Today's Commodity News : 11.11.2019

 Today's Commodity News : 11.11.2019


Silver futures rise Rs 171 to Rs 44,043 per kg

Silver futures on Monday traded Rs 171 higher to Rs 44,043 per kg after speculators raised bets, driven by a firm trend overseas. Silver contracts for December delivery rose by Rs 171, or 0.39 per cent, to Rs 44,043 per kg in a business turnover of 2,950 lots on the Multi Commodity Exchange.
 Besides, the white metal to be delivered in March shot up by Rs 164, or 0.37 per cent, to Rs 44,640 per kg in 129 lots. Analysts said widening of positions by traders in sync with a firm trend overseas for precious metals mainly influenced silver prices here. In the international market, silver traded 0.10 per cent higher at USD 16.84 an ounce in New York.

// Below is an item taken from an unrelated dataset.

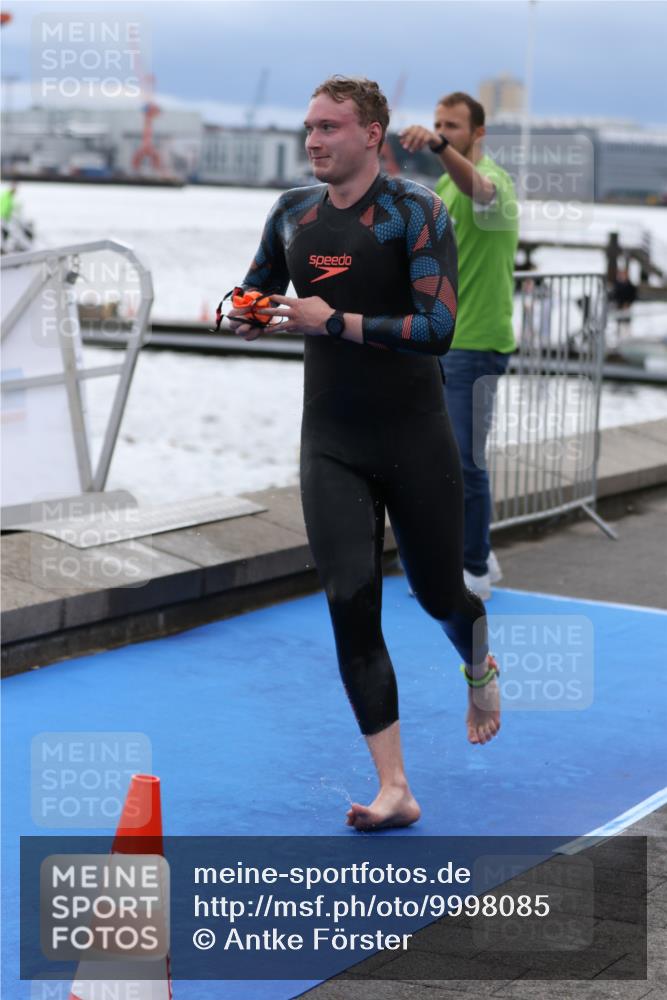 16.08.2026 - KN Förde Triathlon 2026 Antke Förster http://msf.ph/oto/9998085 16.08.2026 12:45:54 Schwimmen 515, 545, 561, 562, 580, 587, 517, 535, 555, 557, 561, 569, 571, 701 meine-sportfotos.de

Crude oil futures slip on weak global cues

Crude oil futures on Monday fell by Rs 34 to Rs 4,042 per barrel after participants reduced positions, tracking a weak trend in global markets. On the Multi Commodity Exchange, crude oil prices for November delivery dropped by Rs 34, or 0.83 per cent, to Rs 4,042 per barrel with a business volume of 20,411 lots. Similarly, crude oil for December delivery was quoting lower by Rs 29, or 0.71 per cent, at Rs 4,057 per barrel with an open interest of 353 lots. The fall in crude oil futures was mostly due to trimming of positions by traders, in line with weak global cues, analysts said. Globally, West Texas Intermediate crude oil was trading 1.03 per cent lower at USD 56.65 per barrel, while international benchmark Brent Crude traded down by 1.02 per cent at USD 61.87 per barrel in New York.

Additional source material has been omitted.